Migration Style Guide

When writing migrations for GitLab, you have to take into account that these are run by hundreds of thousands of organizations of all sizes, some with many years of data in their database.

In addition, having to take a server offline for an upgrade small or big is a big burden for most organizations. For this reason, it is important that your migrations are written carefully, can be applied online, and adhere to the style guide below.

Migrations are not allowed to require GitLab installations to be taken offline ever. Migrations always must be written in such a way to avoid downtime. In the past we had a process for defining migrations that allowed for downtime by setting a DOWNTIME constant. You may see this when looking at older migrations. This process was in place for 4 years without ever being used and as such we’ve learned we can always figure out how to write a migration differently to avoid downtime.

When writing your migrations, also consider that databases might have stale data or inconsistencies and guard for that. Try to make as few assumptions as possible about the state of the database.

Please don’t depend on GitLab-specific code since it can change in future versions. If needed copy-paste GitLab code into the migration to make it forward compatible.

Choose an appropriate migration type

The first step before adding a new migration should be to decide which type is most appropriate.

There are currently three kinds of migrations you can create, depending on the kind of work it needs to perform and how long it takes to complete:

  1. Regular schema migrations. These are traditional Rails migrations in db/migrate that run before new application code is deployed (for GitLab.com before Canary is deployed). This means that they should be relatively fast, no more than a few minutes, so as not to unnecessarily delay a deployment.
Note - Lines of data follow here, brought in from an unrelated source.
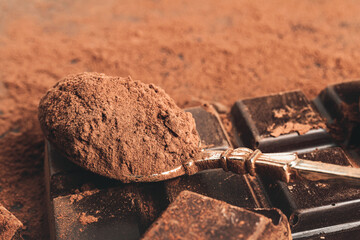 Brown cocoa powder in the spoon and chopped chocolate cubes, on dark background
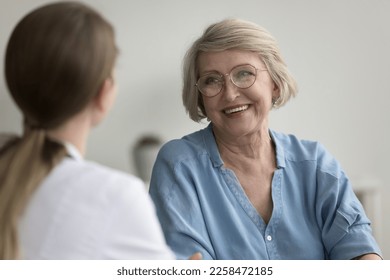 Happy mature female patient consulting doctor in office, talking to physician, discussing healthcare medical examination, smiling, laughing. Older insurer woman listening therapy recommendation - Powered by Shutterstock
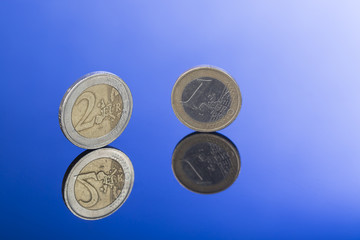 Closeup of two and one Euro coins on blue background with nice reflection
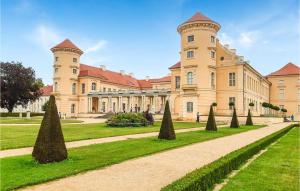 a large building with trees in front of it at Cozy Ship In Rheinsberg Hafendorf With House Sea View in Rheinsberg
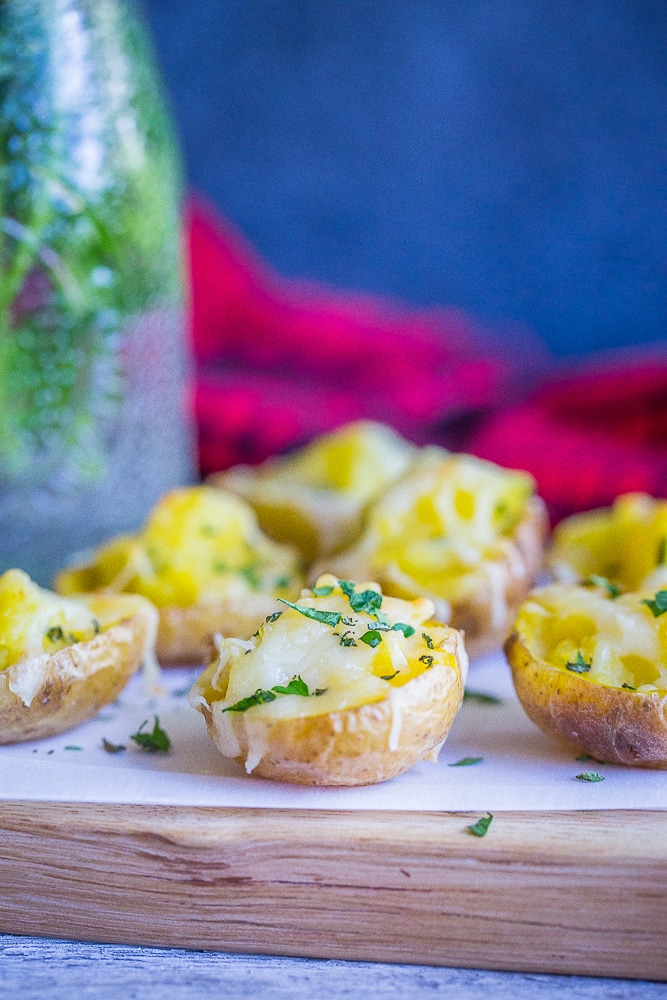 These Garlic and Herb Twice Baked Baby Potatoes are such a delicious and flavorful appetizer! They're perfect for the holidays and naturally gluten free!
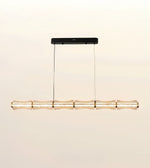 A modern linear pendant light with a textured, translucent bamboo-inspired shade and gold-toned accents, suspended from a slim black ceiling canopy against a warm off-white background.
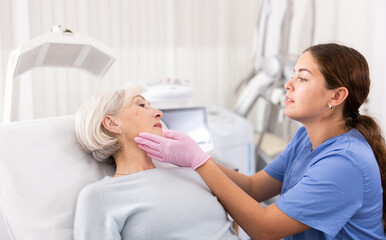 Obraz na płótnie Canvas Positive aged woman patient lying on clinical chair discussing face aesthetic procedures with a specialist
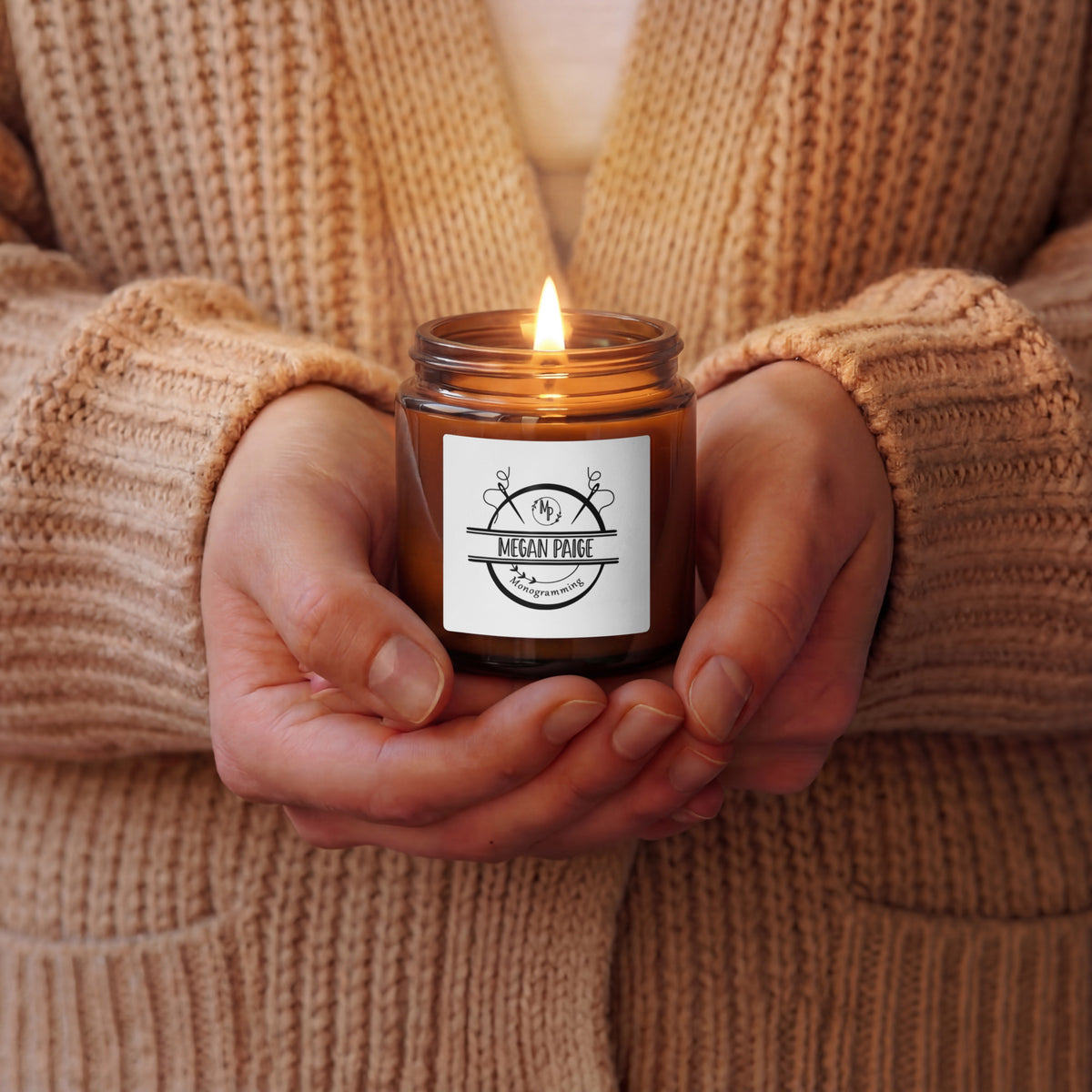 Person holding a lit candle in a brown jar with a label, wearing a beige sweater.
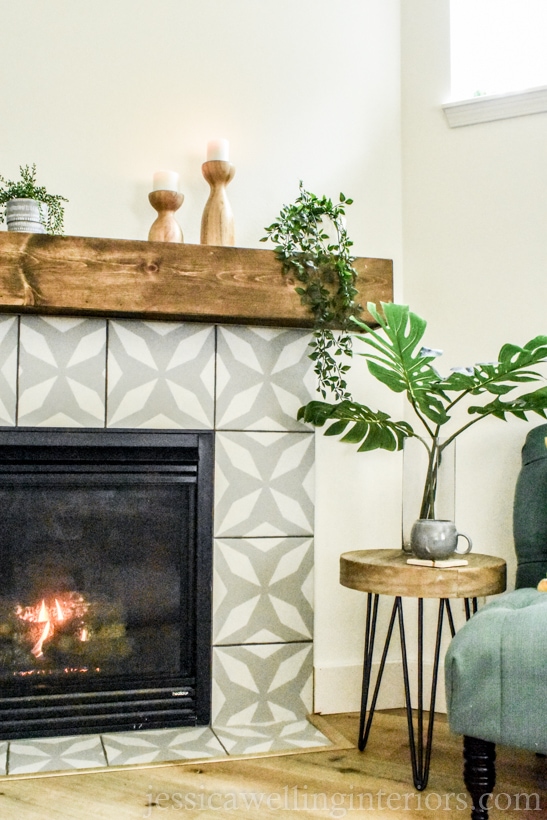 modern fireplace makeover with stenciled tiles in large modern pattern in grey and white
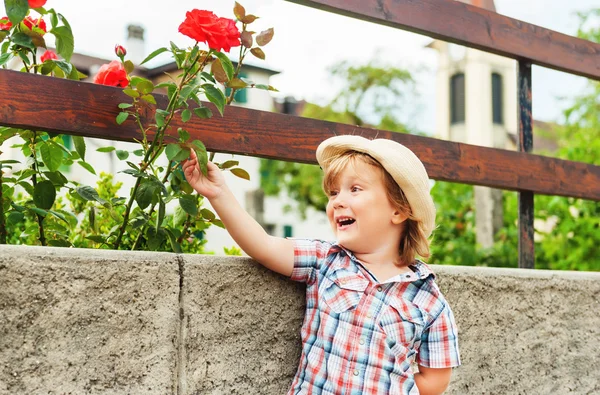 Entzückender kleiner Gärtnerjunge, der draußen mit Rosen spielt — Stockfoto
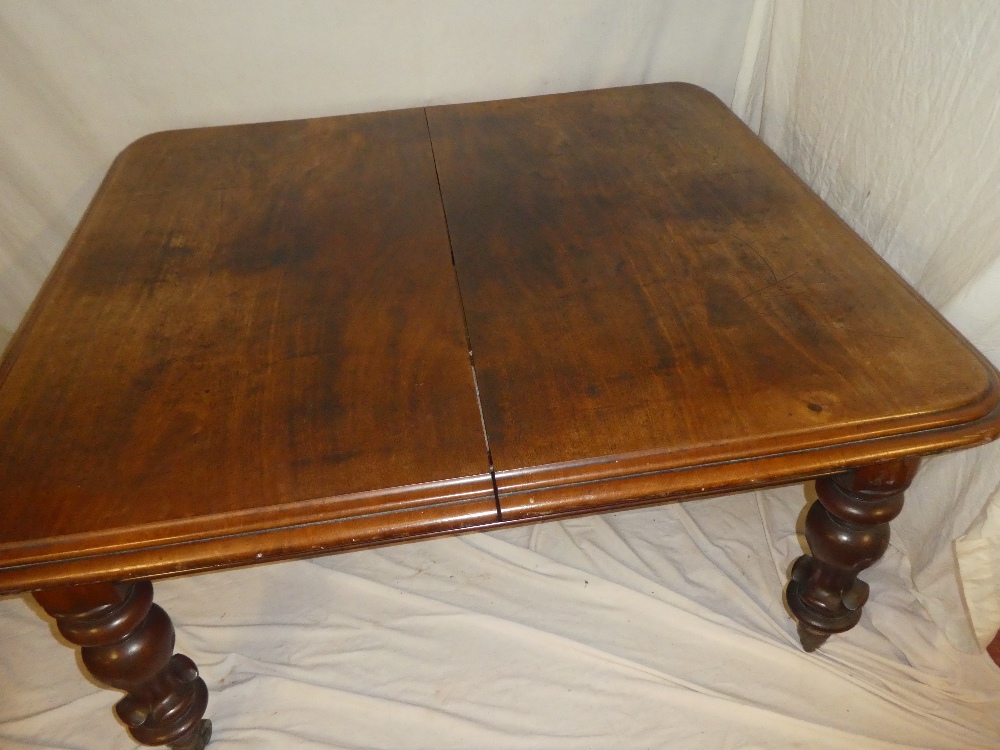 A Victorian mahogany rectangular extending dining table on bulbous turned tapered legs with brass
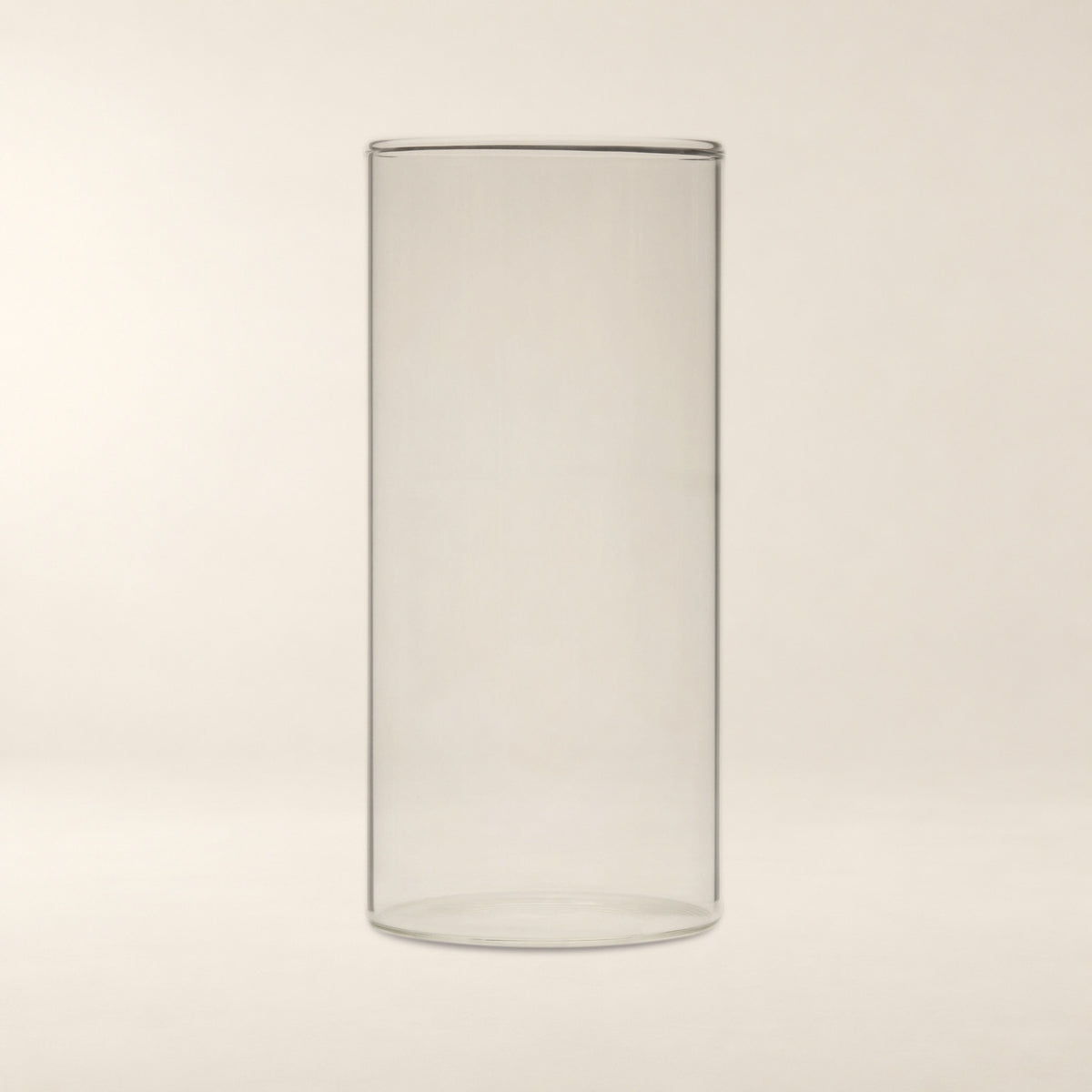 Sora Handblown Glass Cylinder Vase, 7 in on a warm bone background.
    One exception is a migration that takes longer but is absolutely critical for the application to operate correctly. For example, you might have indices that enforce unique tuples, or that are needed for query performance in critical parts of the application. In cases where the migration would be unacceptably slow, however, a better option might be to guard the feature with a feature flag and perform a post-deployment migration instead. The feature can then be turned on after the migration finishes.

  2. Post-deployment migrations. These are Rails migrations in db/post_migrate and run after new application code has been deployed (for GitLab.com after the production deployment has finished). They can be used for schema changes that aren’t critical for the application to operate, or data migrations that take at most a few minutes. Common examples for schema changes that should run post-deploy include:
    • Clean-ups, like removing unused columns.
    • Adding non-critical indices on high-traffic tables.
    • Adding non-critical indices that take a long time to create.
  3. Batched background migrations. These aren’t regular Rails migrations, but application code that is executed via Sidekiq jobs, although a post-deployment migration is used to schedule them. Use them only for data migrations that exceed the timing guidelines for post-deploy migrations. Batched background migrations should not change the schema.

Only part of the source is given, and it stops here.